Three women, each of vastly different heritages, each with their own experiences of being an outsider in the United States, were central players that set the stage for the 1992 Los Angeles riots, touched off by videotape of the brutal police assault on Rodney King and the videotaped murder of Latasha Harlins. This is the case made by historian Brenda E. Stevenson, recipient of the 2015 Women’s eNews Ida B. Wells Award for Bravery in Journalism.

"This riot was boiling forth from the moment Latasha Harlins was shot," Stevenson said.

Stevenson’s careful and nuanced examination of race, gender and class in the book "The Contested Murder of Latasha Harlins: Justice, Gender and the Origins of the LA Riots" provides the family history of three women most deeply involved in a moment of violence in a small grocery store in Los Angeles: the teen victim, the shooter and the trial judge. Each one’s family left their homes to seek freedom and economic opportunity, one each from the U.S. South, from pre-war Europe and from South Korea.

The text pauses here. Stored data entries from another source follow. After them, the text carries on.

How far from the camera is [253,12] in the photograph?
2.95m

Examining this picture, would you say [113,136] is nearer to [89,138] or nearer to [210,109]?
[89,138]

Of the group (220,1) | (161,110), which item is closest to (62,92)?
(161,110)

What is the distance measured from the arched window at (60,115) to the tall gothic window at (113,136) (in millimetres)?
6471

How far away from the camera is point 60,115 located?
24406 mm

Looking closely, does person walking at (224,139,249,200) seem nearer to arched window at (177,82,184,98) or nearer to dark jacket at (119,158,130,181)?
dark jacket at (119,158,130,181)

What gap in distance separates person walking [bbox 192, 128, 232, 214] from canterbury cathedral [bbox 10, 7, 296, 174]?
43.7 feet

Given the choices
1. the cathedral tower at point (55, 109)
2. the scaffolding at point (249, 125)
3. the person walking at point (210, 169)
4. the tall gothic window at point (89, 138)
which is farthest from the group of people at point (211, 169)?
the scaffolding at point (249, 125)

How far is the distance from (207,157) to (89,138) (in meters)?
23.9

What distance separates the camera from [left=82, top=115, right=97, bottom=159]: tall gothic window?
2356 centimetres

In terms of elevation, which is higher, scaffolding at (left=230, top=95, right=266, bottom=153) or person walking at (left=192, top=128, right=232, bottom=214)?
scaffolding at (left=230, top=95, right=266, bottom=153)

Stevenson documents how each one’s heritage and experiences gave them much in common and how their differences in family stature played a significant role in the outcome of the criminal trial of the store owner who shot unarmed Harlins point-blank but was acquitted of murder and served no jail time for a felony manslaughter conviction.

A tenured history professor on the faculty of UCLA, Stevenson is in the first generation of her family to attend college, receiving her doctorate in American history at Yale University. She grew up in a Virginia coastal town listening to her mother, Emma Gerald Stevenson, tell tales of life in South Carolina.

"So many wonderful and so many terrifying stories," Stevenson said. Her father, James Stevenson, a longshoreman and union organizer, was able to send all three of his daughters to college and graduate school, the family’s dream.

"The Harlins book looks at the history and systemic problems within the criminal justice system," said Stevenson. "Not just police, but also juries, judges, prosecutors, all have problematic issues that often break along racial lines. Women are also players in this system and are invested in, as well as victimized by, that system. Black women are similarly victimized as black men, and that must be considered."

Stevenson added, "Black women are completely out of this discourse of unfair treatment under the law and by the law–by the police as well as in the courts, and by juries and judges . . . Even President Obama seems not to realize the tragic place black women have in our criminal justice system, and he has two daughters."

–By Rita Henley Jensen

Dr. Nina Ansary: Los Angeles’ Unearther of Unexpected Consequences

Dr. Nina AnsaryBorn in Tehran, Nina Ansary was only 12 when she left Iran in 1979 at the cusp of the Islamic Revolution, and has not returned since.

Growing up in New York City, Ansary received her B.A. in sociology from Barnard College and her M.A. in Middle Eastern studies from Columbia University. In 2013, Ansary finished her Ph.D. in history from Columbia University.

Ansary is the author of the upcoming book "The Jewels of Allah," based on her doctoral thesis about the women’s movement in Iran. Inspired by her scholarly journey, Ansary seeks to shatter the stereotypical assumptions and the often misunderstood story of women in Iran today.

"In writing this book, my intention is to pay homage to the myriad of accomplished women in Iran, who, despite the patriarchy of the current regime, continue to shine their bright light," Ansary said.

She added, "When I first started to conduct my research, I was baffled by the fact that women were one of the biggest supporters of Ayatollah Khomeini, and in fact a contributing factor to the collapse of the Pahlavi Monarchy. As an Iranian woman, this piece of information was not only counterintuitive but difficult to reconcile, given that the Pahlavi regime was solely responsible for emancipating the Iranian woman."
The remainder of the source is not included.